When we were deployed to Kadena a VQ-1 EP-3B landed with two engines feathered after flying through a hailstorm---that was major damage. Our guys repaired what they could, covered the leading edge dents with high-strength duct tape and sent the aircraft back to Guam---wouldn't surprise me if they removed the electronics and scrapped it.
 
I question the photos authenticity: Usually, when struck by lightning, aircraft damage happens to parts of the aircraft that don't conduct electricity; not the parts that can spread and disapate the charge.

I've seldom had much damage to non-conductive parts, but have had holes burned through control surfaces, fuel tanks, propellers, and the fuselage. I've had bolts and rivets smoking and damaged.

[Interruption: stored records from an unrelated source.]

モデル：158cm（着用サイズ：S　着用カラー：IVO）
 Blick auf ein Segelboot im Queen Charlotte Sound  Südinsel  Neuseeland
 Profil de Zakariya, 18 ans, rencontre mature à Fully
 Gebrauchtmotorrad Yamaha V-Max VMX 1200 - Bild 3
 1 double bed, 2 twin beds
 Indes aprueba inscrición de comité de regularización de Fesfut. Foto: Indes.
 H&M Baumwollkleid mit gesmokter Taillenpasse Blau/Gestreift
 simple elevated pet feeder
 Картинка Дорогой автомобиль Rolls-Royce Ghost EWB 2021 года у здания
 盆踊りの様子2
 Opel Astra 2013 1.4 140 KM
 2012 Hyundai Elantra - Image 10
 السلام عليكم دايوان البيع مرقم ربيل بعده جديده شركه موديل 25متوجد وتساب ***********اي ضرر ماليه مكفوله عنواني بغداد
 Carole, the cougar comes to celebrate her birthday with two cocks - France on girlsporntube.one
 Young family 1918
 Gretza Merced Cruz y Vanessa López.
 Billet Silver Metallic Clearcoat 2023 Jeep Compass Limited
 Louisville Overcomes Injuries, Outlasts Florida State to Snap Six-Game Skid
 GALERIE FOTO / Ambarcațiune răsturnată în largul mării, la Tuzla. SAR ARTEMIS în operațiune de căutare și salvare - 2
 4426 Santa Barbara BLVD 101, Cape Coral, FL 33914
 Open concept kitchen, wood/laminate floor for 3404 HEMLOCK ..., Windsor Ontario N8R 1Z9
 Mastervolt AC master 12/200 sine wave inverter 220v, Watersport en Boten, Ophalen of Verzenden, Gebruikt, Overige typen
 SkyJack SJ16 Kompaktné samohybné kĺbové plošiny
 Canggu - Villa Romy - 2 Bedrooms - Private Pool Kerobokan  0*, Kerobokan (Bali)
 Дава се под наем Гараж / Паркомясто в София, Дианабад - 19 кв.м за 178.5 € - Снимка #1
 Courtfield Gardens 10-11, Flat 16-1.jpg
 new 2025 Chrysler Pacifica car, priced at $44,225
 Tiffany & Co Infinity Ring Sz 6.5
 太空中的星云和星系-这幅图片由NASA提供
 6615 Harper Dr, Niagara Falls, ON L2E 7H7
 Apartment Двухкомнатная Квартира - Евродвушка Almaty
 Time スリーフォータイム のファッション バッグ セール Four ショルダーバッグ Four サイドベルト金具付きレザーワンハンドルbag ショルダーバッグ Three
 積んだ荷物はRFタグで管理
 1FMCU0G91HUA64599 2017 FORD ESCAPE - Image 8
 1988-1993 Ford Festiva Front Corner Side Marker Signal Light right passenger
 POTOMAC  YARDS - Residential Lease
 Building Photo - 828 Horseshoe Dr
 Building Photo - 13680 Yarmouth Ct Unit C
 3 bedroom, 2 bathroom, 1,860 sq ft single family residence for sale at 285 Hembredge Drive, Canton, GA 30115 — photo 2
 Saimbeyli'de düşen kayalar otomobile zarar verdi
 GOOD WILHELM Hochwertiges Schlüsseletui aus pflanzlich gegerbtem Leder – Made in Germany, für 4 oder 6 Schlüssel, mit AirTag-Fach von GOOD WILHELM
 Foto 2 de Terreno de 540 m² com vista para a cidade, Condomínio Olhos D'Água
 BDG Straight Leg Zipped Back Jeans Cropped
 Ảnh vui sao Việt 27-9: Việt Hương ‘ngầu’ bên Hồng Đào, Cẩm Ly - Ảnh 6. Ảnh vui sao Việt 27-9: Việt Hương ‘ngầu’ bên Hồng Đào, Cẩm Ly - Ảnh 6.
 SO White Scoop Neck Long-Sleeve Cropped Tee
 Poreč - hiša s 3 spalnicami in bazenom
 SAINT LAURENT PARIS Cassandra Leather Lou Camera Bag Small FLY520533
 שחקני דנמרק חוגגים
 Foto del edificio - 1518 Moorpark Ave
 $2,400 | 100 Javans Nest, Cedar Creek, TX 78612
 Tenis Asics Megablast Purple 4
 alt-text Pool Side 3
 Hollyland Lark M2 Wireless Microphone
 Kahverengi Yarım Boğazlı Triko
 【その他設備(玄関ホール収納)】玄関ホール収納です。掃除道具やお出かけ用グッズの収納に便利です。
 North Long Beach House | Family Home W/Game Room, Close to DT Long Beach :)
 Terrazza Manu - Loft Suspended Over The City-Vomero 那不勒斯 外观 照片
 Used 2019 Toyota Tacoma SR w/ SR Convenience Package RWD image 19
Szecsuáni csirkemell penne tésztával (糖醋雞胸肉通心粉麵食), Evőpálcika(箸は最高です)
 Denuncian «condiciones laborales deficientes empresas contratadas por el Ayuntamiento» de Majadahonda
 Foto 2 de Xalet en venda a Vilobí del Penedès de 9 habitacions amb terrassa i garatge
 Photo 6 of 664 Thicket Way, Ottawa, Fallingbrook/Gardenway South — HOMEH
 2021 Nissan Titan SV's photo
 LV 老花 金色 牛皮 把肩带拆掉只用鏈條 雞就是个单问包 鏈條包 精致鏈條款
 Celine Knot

I've had engines that needed to be removed and degaussing that was necessary.

Most of the time lightening doesn't do much. Sometimes it can do significant damage.
 
Hey guys considering how close that strike was to the pilot I'd like to know if he suffered any injury? How about the sound of the strike?
 
The entire trailing edge of a 3-blade T-210 prop blade appeared to be sound after landing following a strike, but when touched it crumbled into powder and fell into a pile beneath the blade. Not my plane, but I happened to be the one who touched it since the guy asked for help in looking for damage. Only other evidence as a small hole in the trailing edge of the r/h flap ~a foot outboard of the wing root.
 
The entire trailing edge of a 3-blade T-210 prop blade appeared to be sound after landing following a strike, but when touched it crumbled into powder and fell into a pile beneath the blade. Not my plane, but I happened to be the one who touched it since the guy asked for help in looking for damage. Only other evidence as a small hole in the trailing edge of the r/h flap ~a foot outboard of the wing root.

Wow. Either you're really good at finding damage, or I don't want you touching my plane!
 
The project magnet bird (super Connie) would get hit every time it let the magnetometer out 5 miles and 2500' below the tow bird. the drogue had a 100' piece of copper cable as a sacrificial static discharge trailing it, in a 12 hours hop this would get burned off to 10-20 feet.
 
Nobody was more surprised than me. I was just checking for surface irregularities by rubbing the edges of the blades when a chunk about half the circumference of my thumb broke away and turned to dust. Say what?

Wow. Either you're really good at finding damage, or I don't want you touching my plane!